Message par savoy1 » lun. sept. 11, 2023 9:12 pm

Attention, missile en approche ! Jawan, nouveau blockbuster indien, ne se contente pas de mettre en scène un homme venu réparer les torts de la société, comme cela est laconiquement présenté, dans l'Officiel des Spectacles par exemple. On resterait alors dans le cadre balisé de ces films de justicier tapant à droite à gauche sur quelque fonctionnaire corrompu. Non Jawan voit grand, très grand, et s'attaque via les actions de son personnage principal, bien accompagné pour le coup, à pas moins de quatre fléaux endémiques du sous-continent. C'est bien simple, Jawan (traduction : soldat) nous semble inventer le "social-terrorisme".
Alors oui, les différentes actions entreprises par notre "social-warrior" sont carrément agressives, même si présentées sous le jour du thriller high-tech. C'est-à-dire avec tout le suspense et les retournements de situation requis. Mais en contrepoint, pour bien enfoncer le clou et justifier ces actes, nous sont présentées en flash-backs d'impressionnantes scènes de détresse humaine et de dysfonctionnements du système social indien, qui pourraient faire l'objet d'un documentaire dépressif. Ça fait très très mal. Et l'imbrication de certaines de ces séquences pourraient tendre au malaise.
Mais bon voilà, on est bien dans le cadre d'un cinéma populaire revendicatif, décidé pour ce faire à interpeller le public auquel il est destiné, derrière les apparats du véhicule pour stars.
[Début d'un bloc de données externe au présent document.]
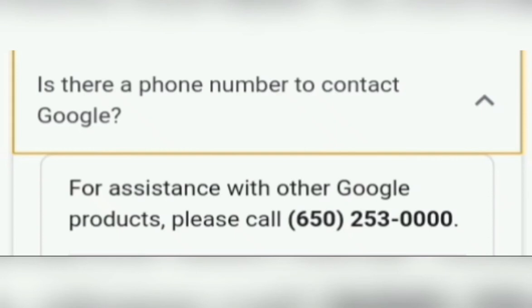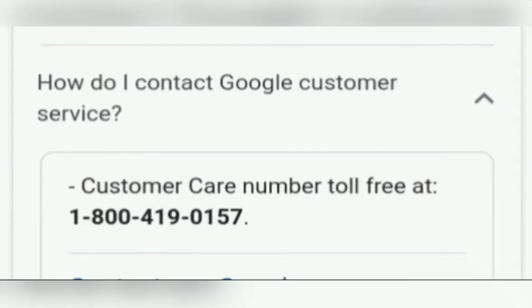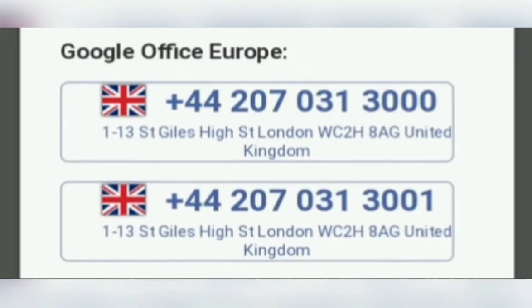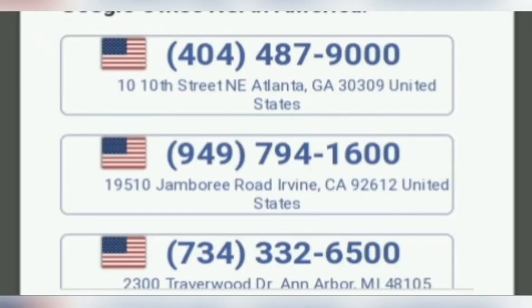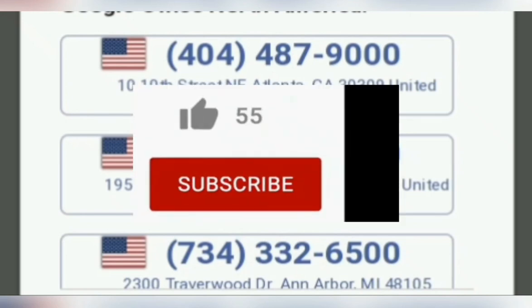These are Google office customer care phone numbers: 650-253-0000 and 1-800-419-0157. These are the rest of the numbers on the screen — you can see all those numbers and call any of them. By calling all these numbers, they will help you to recover your Gmail account.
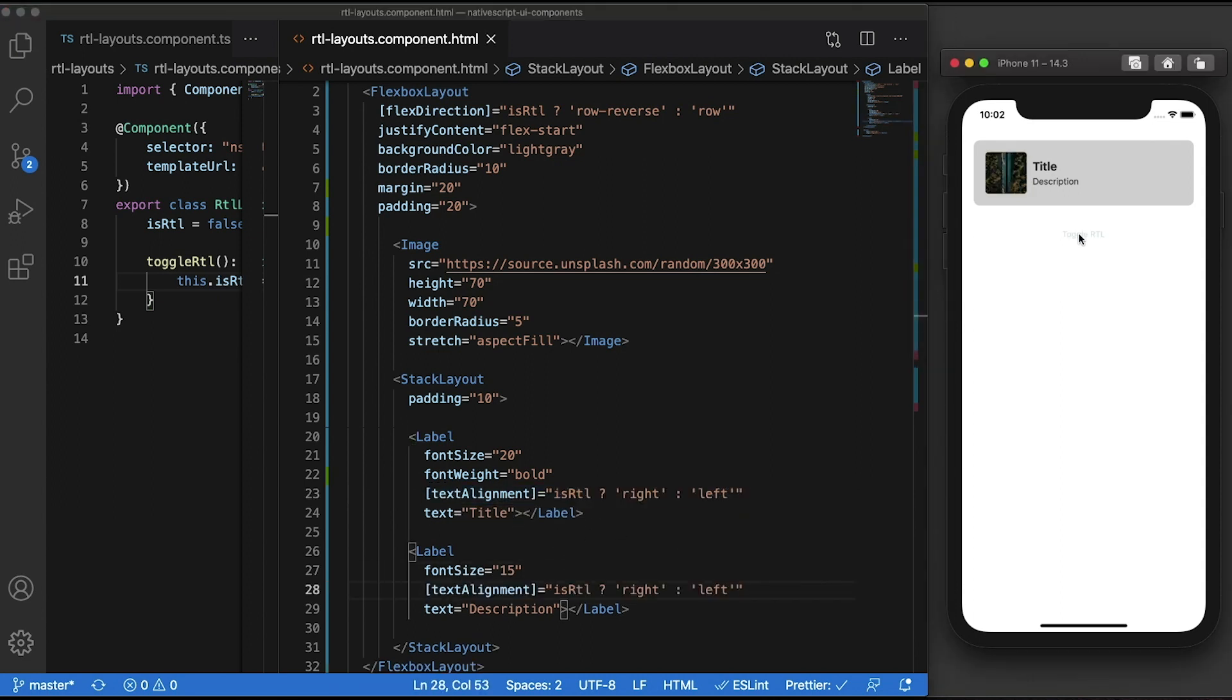And that is how you can add right to left and left to right support to simple layouts in your NativeScript application.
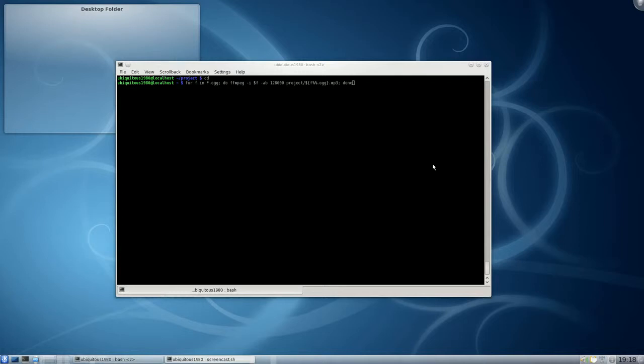Hi guys, this is Nate on YouTube. Today we're going to be talking about parameter expansion.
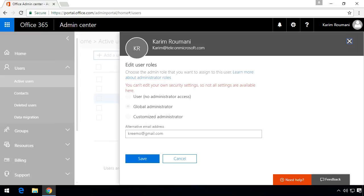Global admins are the only admins who can assign other admin roles. You can have more than one global administrator. So we'll show you how to add somebody else right now. Remember this is a very privileged access and you have to be very careful who you give this to and not give it if it's not necessary.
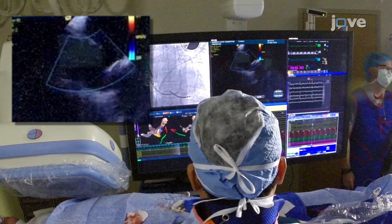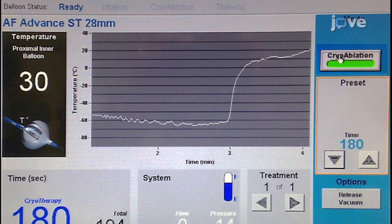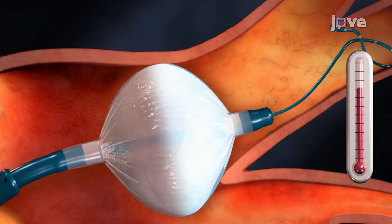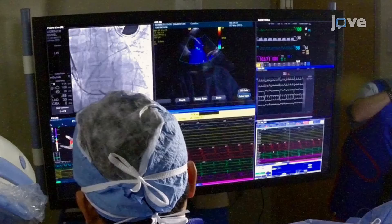Once occlusion is established, start the cryoballoon cryoablation by pressing the start button on the cryoconsole. This will push cryorefrigerant into the cryoballoon catheter and initiate cryoablation. On the right-sided PVs, insert a diagnostic catheter in the right atrial superior vena cava junction and position it to pace the right phrenic nerve.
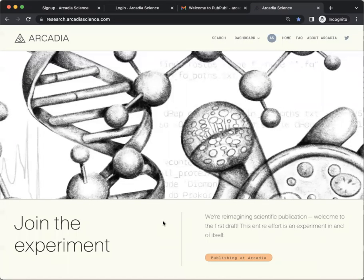That's it. You've created your PubPub account and you're ready to add comments to Arcadia pubs or any other community's pubs.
Alors, justement, rebondissons sur cette remarque de notre collègue :
Dragonball a écrit :
sam. sept. 09, 2023 11:53 pm
[...]
Je ne sais d'ailleurs même pas de quelle région est originaire le film ! (Chose qui a mine de rien son importance !)
Voilà, pour le coup, un sacré cas d'école. Nous avons affaire à une production du studio Red Chillies, boîte fondée par Shah Rukh Khan, star mondiale du bollywood romantique, présentée par Yash-Raj, studio symbole du grand Bollywood romantique des dernières décennies. A priori initié pour relancer la carrière du desi-lover, le projet s'avère en fait l'exact inverse de l'actionner hindi attendu. Pourquoi ?
Parce qu'aux manettes, on fait appel à Atlee Kumar, réalisateur tamoul versatile, responsable de quelques-uns des derniers succès de la star du Sud Vijay, Soit Theri (du vigilante), le fameux Mersal et son magicien vengeur aperçu en ces pages, ou Bigil (du sport larmoyant). Vijay qui, soit dit en passant, est habitué à glisser au cœur de ses films d'action de forts discours revendicatifs (on lui prêtait à un moment des intentions politiques). Pour accompagner au générique notre justicier SRK, on lui oppose une autre star du Sud : Vijay Sethupathi, acteur au charisme indomptable et au phrasé savoureux, dans un rôle d'ordure comme il est les affectionne. Entre ces deux monstres, Nayanthara, icône féminine en devenir, toujours originaire du Sud sauf erreur, ici en flic qui ne s'en laisse pas compter. Et même si Deepika Padukone vient apporter la touche glamour et bollywood attendue, on se retrouve bien devant une œuvre au ton résolument tamoul. Impression renforcée par la présence de l'idole Anirudh à la BO survoltée, digne successeur du grand A.R. Rahman.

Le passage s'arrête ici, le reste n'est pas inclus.